#### Material for this task ####
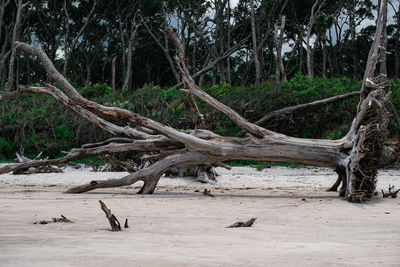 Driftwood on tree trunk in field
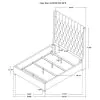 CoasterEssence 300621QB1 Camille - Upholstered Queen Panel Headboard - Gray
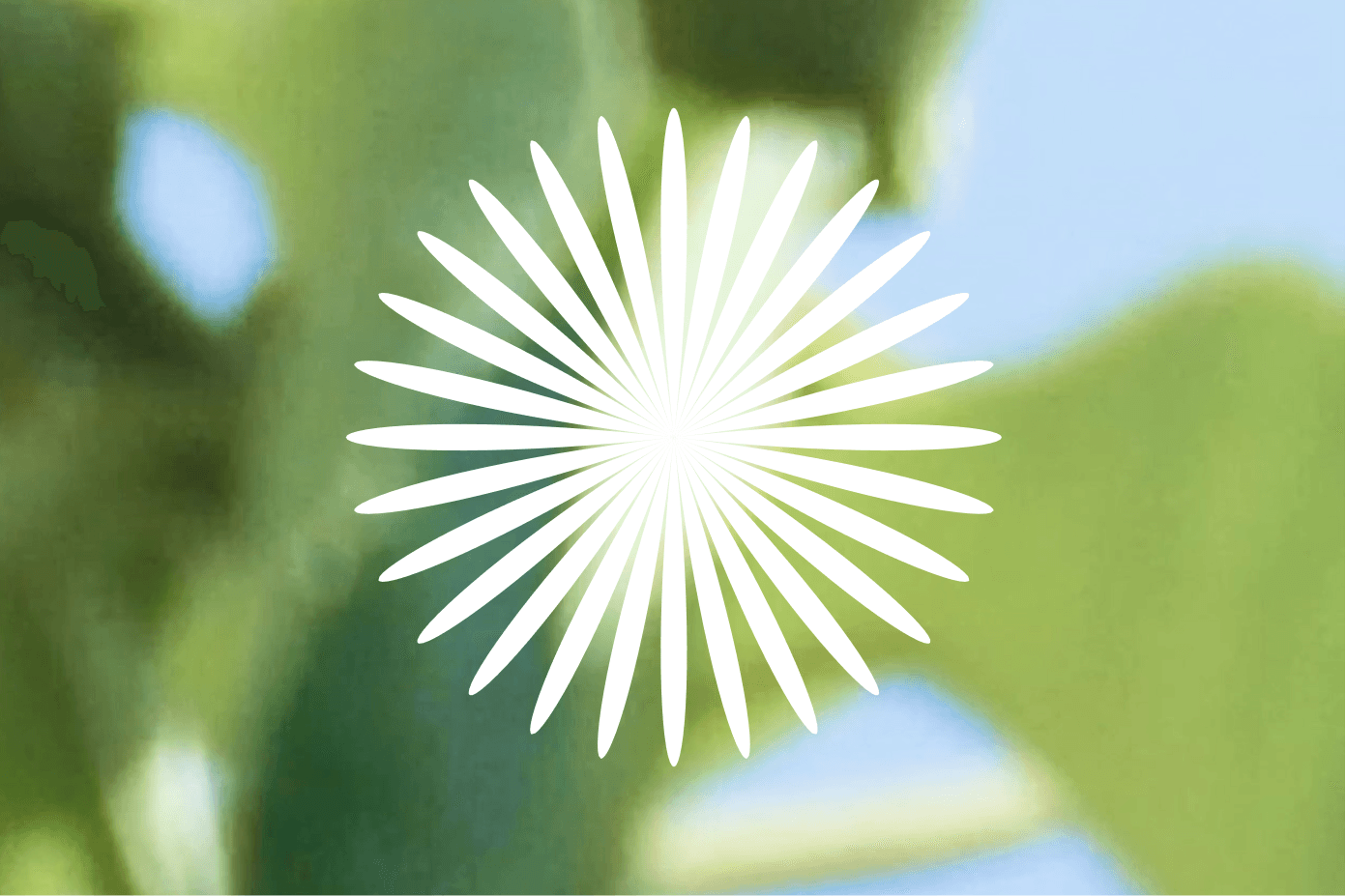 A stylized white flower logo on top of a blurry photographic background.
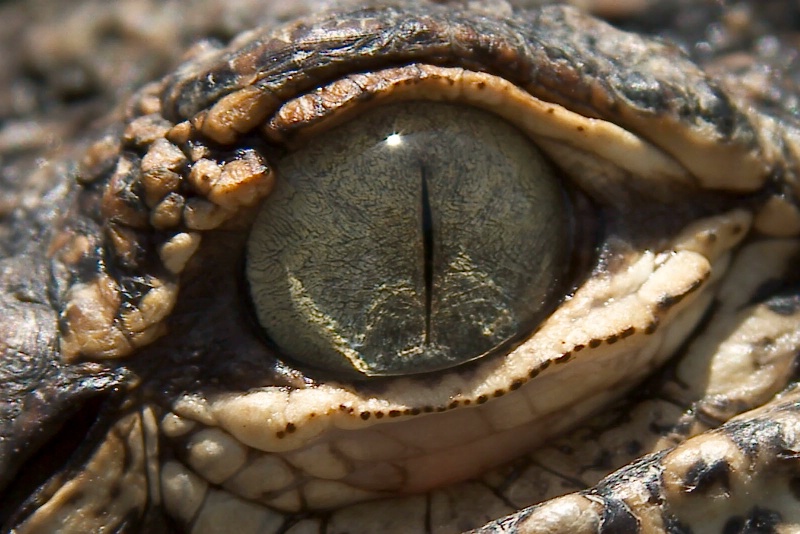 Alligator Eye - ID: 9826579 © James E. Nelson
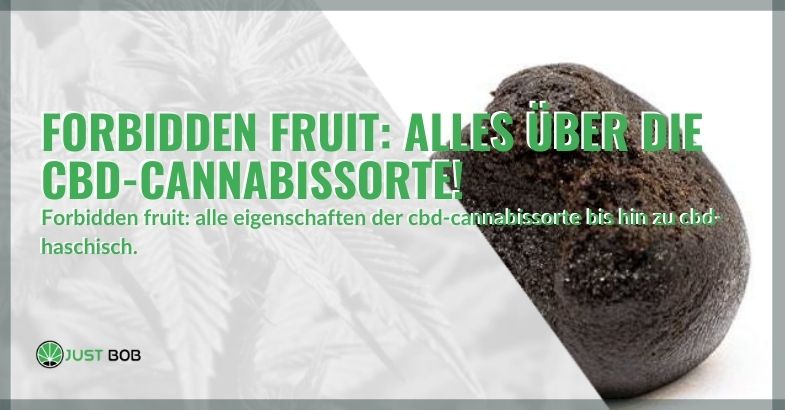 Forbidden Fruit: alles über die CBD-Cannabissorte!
####
**Your assignment:** Transcribe exactly the line containing "A stylized white" and every line after it through the end of the listing above; pictures are not part of the copy.

**Result below:**
 A stylized white flower logo on top of a blurry photographic background.
 Alligator Eye - ID: 9826579 © James E. Nelson
 Forbidden Fruit: alles über die CBD-Cannabissorte!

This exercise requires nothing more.